FOR IMMEDIATE RELEASE:Thursday, March 12, 2009
Bear Butte: A Sacred Site Worth Visiting
STURGIS, S.D. -- Located just outside of the legendary Sturgis on S.D. Highway 79 sits a formation jutting from the rolling prairie. Formed millions of years ago from igneous rock, the natural wonder of Bear Butte provides much more than a lesson in Black Hills geology.
Bear Butte is a site sacred to many Native American tribes, especially the Cheyenne and the Lakota. Artifacts dating back 10,000 years have been found near Bear Butte. In more recent times, the Cheyenne and Lakota have maintained a deep spiritual tie to Mato Paha, the Lakota name for Bear Butte.

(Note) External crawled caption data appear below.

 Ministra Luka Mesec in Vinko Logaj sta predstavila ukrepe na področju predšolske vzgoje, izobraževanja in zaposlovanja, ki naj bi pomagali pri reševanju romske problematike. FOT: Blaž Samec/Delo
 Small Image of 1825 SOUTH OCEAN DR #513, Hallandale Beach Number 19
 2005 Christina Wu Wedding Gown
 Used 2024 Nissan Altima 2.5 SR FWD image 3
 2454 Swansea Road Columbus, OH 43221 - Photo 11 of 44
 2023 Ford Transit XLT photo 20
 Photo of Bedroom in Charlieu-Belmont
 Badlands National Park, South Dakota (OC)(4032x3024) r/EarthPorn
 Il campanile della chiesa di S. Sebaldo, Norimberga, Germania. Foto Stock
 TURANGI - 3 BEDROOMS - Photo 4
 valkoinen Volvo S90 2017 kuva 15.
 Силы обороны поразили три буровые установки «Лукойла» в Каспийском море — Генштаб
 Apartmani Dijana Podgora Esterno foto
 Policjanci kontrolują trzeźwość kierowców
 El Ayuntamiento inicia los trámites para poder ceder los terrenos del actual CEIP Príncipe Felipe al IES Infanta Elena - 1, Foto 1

“For the Cheyenne and Lakota, this is where all their sacred ways come from,” said Jim Jandreau, park manager at Bear Butte State Park.
The mountain, which attracts visitors from all over the world, is still the site for many traditional religious ceremonies. It is common to see an abundance of small and colorful cloths and tobacco ties hanging from trees as prayer offerings.
“The mountain is about prayer, self reflection,” Jandreau said.
The Bear Butte Education Center, located at the base of the mountain, houses various displays depicting the geology and history of the mountain. Also included are exhibits about the cultural beliefs of the Northern Plains Indians.
The site was placed on the National Register of Historic Places in 1973. Since then, it has also been named a National Natural Landmark and a National Historic Landmark.
A number of recreational activities are available at Bear Butte State Park. The Summit Trail, the only trail on the mountain, climbs 1,000 feet in elevation and offers a view of four states. Visitors can camp and fish at Bear Butte Lake just across S.D. 79. They can also hike and ride horseback on the Centennial Trail. The 111-mile Centennial Trial begins at Bear Butte and ends in Wind Cave National Park.
Bear Butte is managed by the South Dakota Game Fish and Parks. The park is open year-round for day use only. The daily entrance fee is $4 per person or $6 per car. Participants in religious activities are exempt from fees.